Повести размещены были в “Арабесках” так: в первой части — “Портрет”, во второй — “Невский проспект” (на третьем месте) и “Записки сумасшедшего” (на последнем). Цензурное разрешение обеих частей датировано 10 ноября 1834 г. При прохождении через предварительную цензуру урезкам подвергся “Невский проспект”, что предвидел ознакомившийся с ним еще по рукописи Пушкин (ср. его письмо к Гоголю осенью 1834 г.). Перед выпуском книги цензура потребовала новых изменений, — на этот раз в “Записках сумасшедшего”, о чем сам Гоголь писал Пушкину в недатированном письме (“Вышла вчера довольно неприятная зацепа по цензуре” и т. д.).

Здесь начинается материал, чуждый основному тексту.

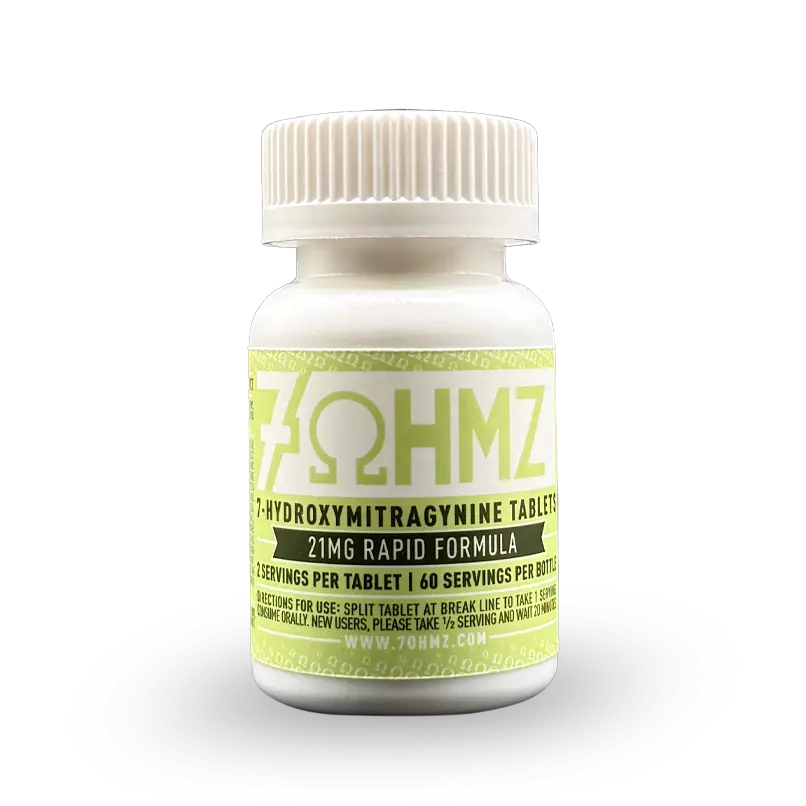 21mg Rapid Release Formula Tablets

Вышли в свет “Арабески” не позднее 22 января 1835 г., когда Гоголь извещал Максимовича о посылке ему их в Киев. Во всех критических отзывах, как бы враждебны Гоголю они ни были в целом, три петербургские повести служат критикам (Булгарину, Сенковскому) предлогом для сочувственных оговорок. Известная же статья Белинского (“О русской повести и повестях Гоголя”) уделяет им всем трем большое внимание, наряду, правда, и вперемежку с повестями “Миргорода”, т. е. не выделяя особо как новый цикл.
Почти одновременно с тремя повестями для “Арабесок” писался и “Нос”, близкий трем повестям “Арабесок” своим петербургским колоритом; а борьба с Гофманом, начатая в “Невском проспекте”, тут доведена уже до пределов пародии (см. ниже комментарий). Отличает “Нос” от трех основных повестей анекдотичность его сюжета. Зато как раз этот признак сближает с ним, а через него и с циклом вообще, несколько особняком стоящую “Коляску”.

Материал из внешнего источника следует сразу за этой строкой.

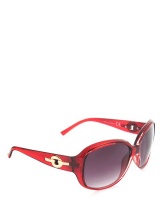 Bad Girl Flat Out Fab Sunglasses in Red Photo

Две последние повести из семи — “Шинель” и “Рим” — писались значительно позже предыдущих. Но замечательна и тут одновременность работы над ними (ср. ниже комментарий к этим повестям) с переработкой “Портрета” и “Носа”. Вторые редакции этих двух ранних повестей создавались несомненно тогда же, когда писалась “Шинель”: этим, вероятно, и объясняются совпадения “Шинели” с двумя эпизодами “Носа” (о посещении героем частного пристава и о разглядывании в окне магазина картинки) и с одной мелкой, правда, но характерной деталью в “Портрете” как раз второй редакции (в описании “черной лестницы” Петровича и Чарткова). В “Шинели” поэтому и приходится видеть синтез бытоописательных и обличительных тенденций предыдущих повестей. Что касается “Рима”, то и его нельзя совершенно обособить от петербургского цикла: историко-литературный анализ и в нем вскрывает, в виде первоосновы, романтическую новеллу о художнике, т. е. жанр, к которому принадлежат “Портрет” и “Невский проспект”, не говоря уж о теме большого города, перекликающейся в “Риме” с тем же “Невским проспектом”.